### What to work on
All pictures are to be dropped, and everything else in the data duplicated exactly.
==== Supplied data ====
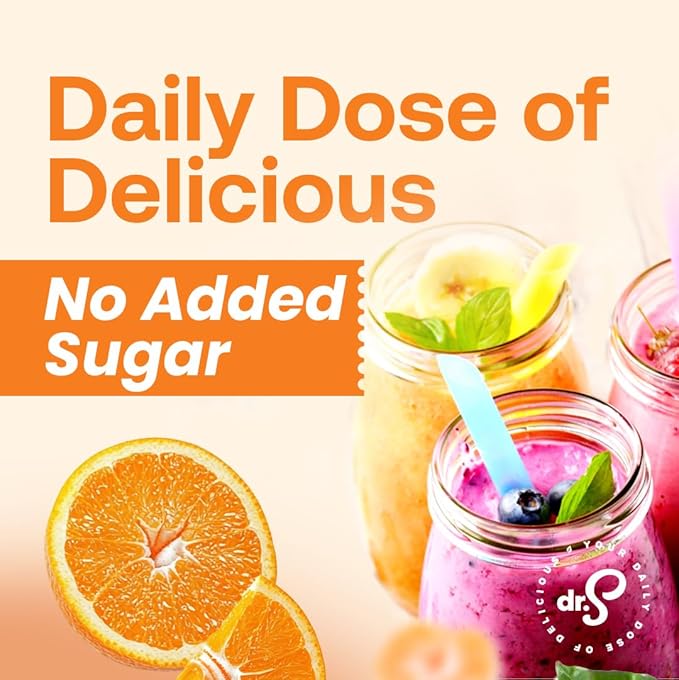 Dr. Smoothie 100% Crushed Orange Tangerine ??No Added Sugar, Made with Real Fruits/Fruit Juice ??Vegan, No Artificial Colors or Flavors ??Sunny Blend of Sweet Oranges & Tangerines ??46 oz Bottle
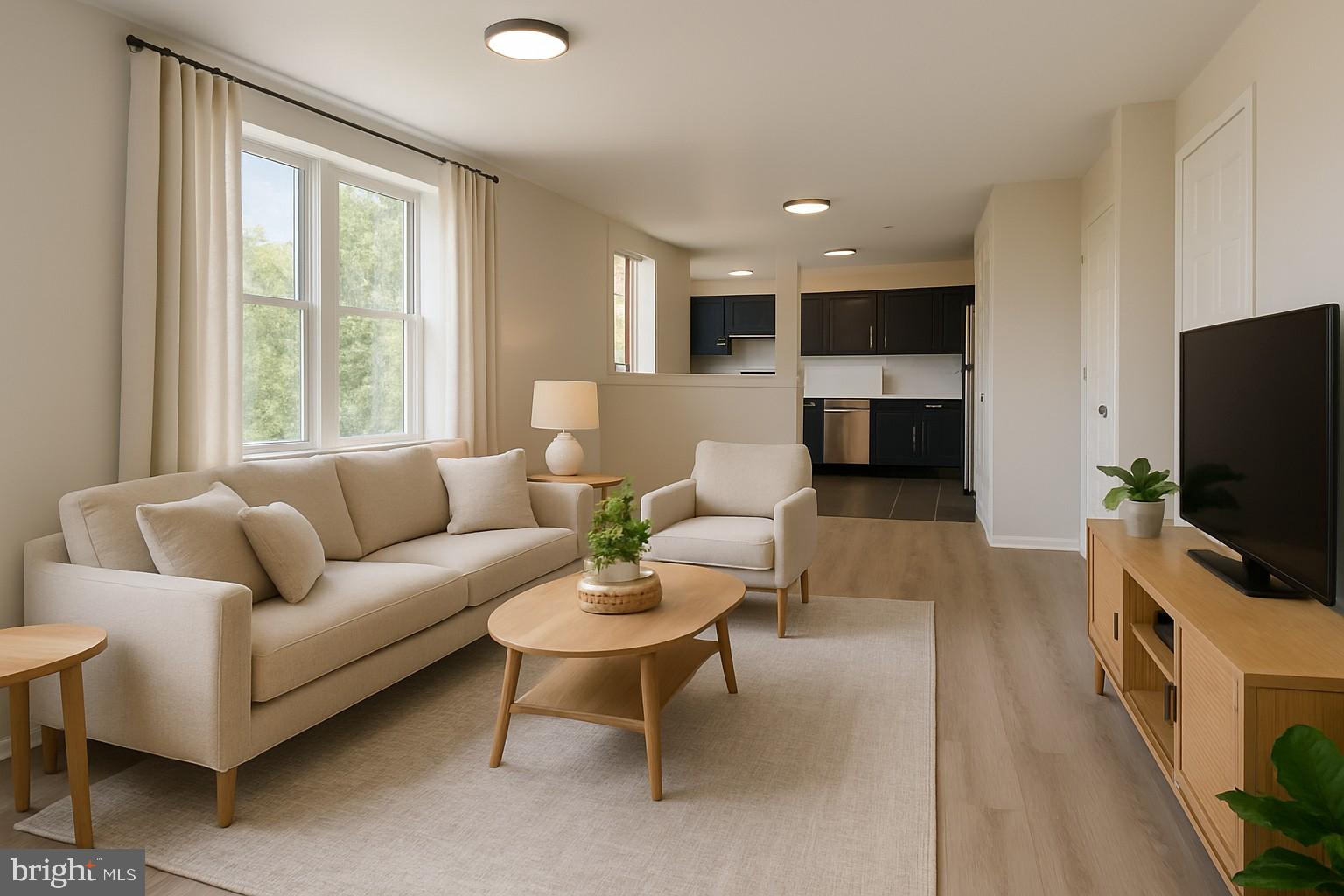 1218 Perry Street Northeast, Unit 202 Washington, DC 20017 - Photo 3 of 6 a living room with furniture and a flat screen tv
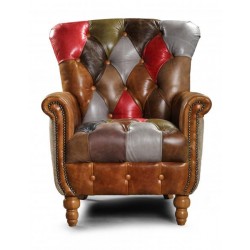 Alderley Leather Patchwork Chair - 5 Year Guardsman Furniture Protection Included For Free!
====
### Task response
 Dr. Smoothie 100% Crushed Orange Tangerine ??No Added Sugar, Made with Real Fruits/Fruit Juice ??Vegan, No Artificial Colors or Flavors ??Sunny Blend of Sweet Oranges & Tangerines ??46 oz Bottle
 1218 Perry Street Northeast, Unit 202 Washington, DC 20017 - Photo 3 of 6 a living room with furniture and a flat screen tv
 Alderley Leather Patchwork Chair - 5 Year Guardsman Furniture Protection Included For Free!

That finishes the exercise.